Es war kein normaler Hebauf, der an diesem Nachmittag in Emersacker stattfand. Er spielte mitten in der Zimmerei von Alexander Krauß, wo der neue Glockenstuhl für den Kirchturm entsteht. Zahlreiche Schaulustige folgten einer Einladung von Pfarrer Joachim Seiler und Kirchenpfleger Siegfried Karner. Die Veranstaltung, die erste von vielen im Festjahr von St. Martin, fand ausnahmsweise nicht in der Kirche statt. Zur Abwechslung ging es dieses Mal ins Gewerbegebiet der Gemeinde Emersacker. Denn dort, in der Zimmerei an der Hauptstraße Richtung Wertingen, steht er, der beeindruckende, neue Glockenstuhl aus massiver Eiche, der Ende September eine alte und drei neue Glocken von St. Martin aufnehmen soll.

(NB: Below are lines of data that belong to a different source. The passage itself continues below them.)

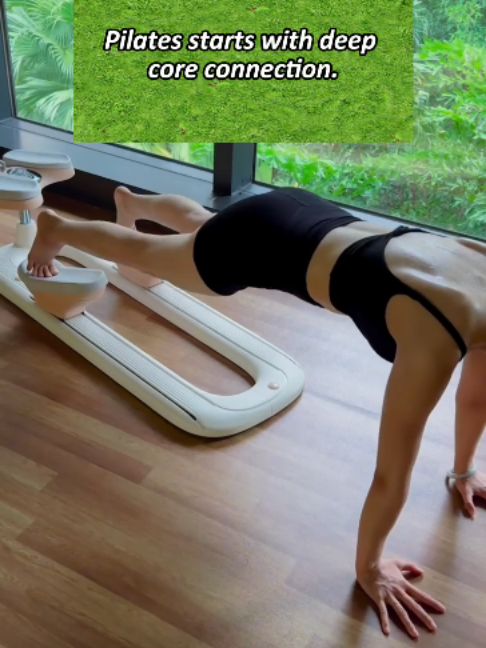 @FlexiHome Home Gym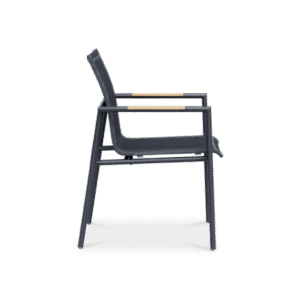 Dexa Stacking Armchair - Image 7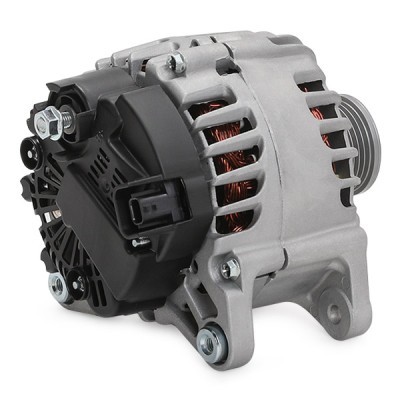 Generator RIDEX 4G0785 4G0785 - foto 4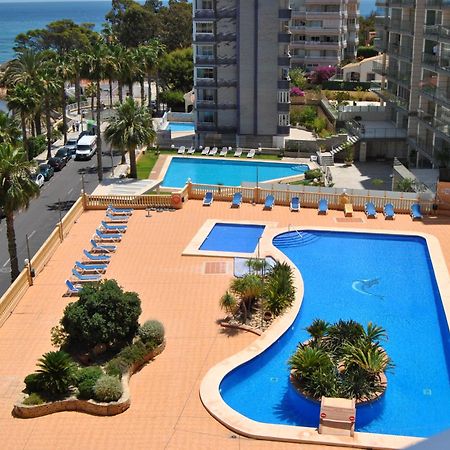 Apartament El Amanecer De Calpe Zewnętrze zdjęcie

Ist er erst einmal in der Kirche, dann können ihn bei Weitem nicht so viele Leute bestaunen wie hier in der geräumigen, großen Halle, und das auch noch bei Kaffee und Kuchen. Der leckere Kuchen mit Schokoladenstatt Bronzeguss hatte passenderweise die Form einer Glocke – das musste einfach so sein, denn sonst waren keine Glocken da. Die neuen Glocken sind zwar inzwischen fertig gegossen, warten aber noch bei der Firma Bachert in Karlsruhe auf den Transport.
Kirchenpfleger und Bauleiter Karner informierte zu Füßen des monumentalen Holzbauwerks über die umfangreichen Arbeiten rund ums neue Geläut. 1,3 Tonnen bringen die vier Glocken auf die Waage. Nicht viel, so meint man. Beim Läuten jedoch wirke eine bis zu dreimal so große seitliche Last, erklärte Karner. Beim alten, metallenen Glockenstuhl wird diese Kraft eins zu eins auf den Glockenturm und die Lager der Glocken übertragen. Der neue macht Bewegungen von bis zu drei Zentimetern mit, ohne sie an das Bauwerk und die Lager weiterzugeben. Verwendet werden nur traditionelle Holz- und Schraubverbindungen, wie sie auch vor 100 Jahren üblich waren. Der Stuhl steht übrigens auf Stahlträgern, die der Batzenhofer Schmied und Schlosser Robert Sailer fertigte.
Neben vielen Plänen mit allen Details des neuen Geläuts konnten die Besucher auch den straffen Bauzeitplan mit allen Stationen bis zum ersten Läuten Mitte Oktober einsehen. Im Hintergrund der großen Halle lief parallel zur Veranstaltung ein zwölf Minuten langer Film von Thomas Schonbucher in Endlosschleife. Besucher konnten hier unter anderem beeindruckende Aufnahmen vom Guss der größten der drei neuen Glocken bestaunen.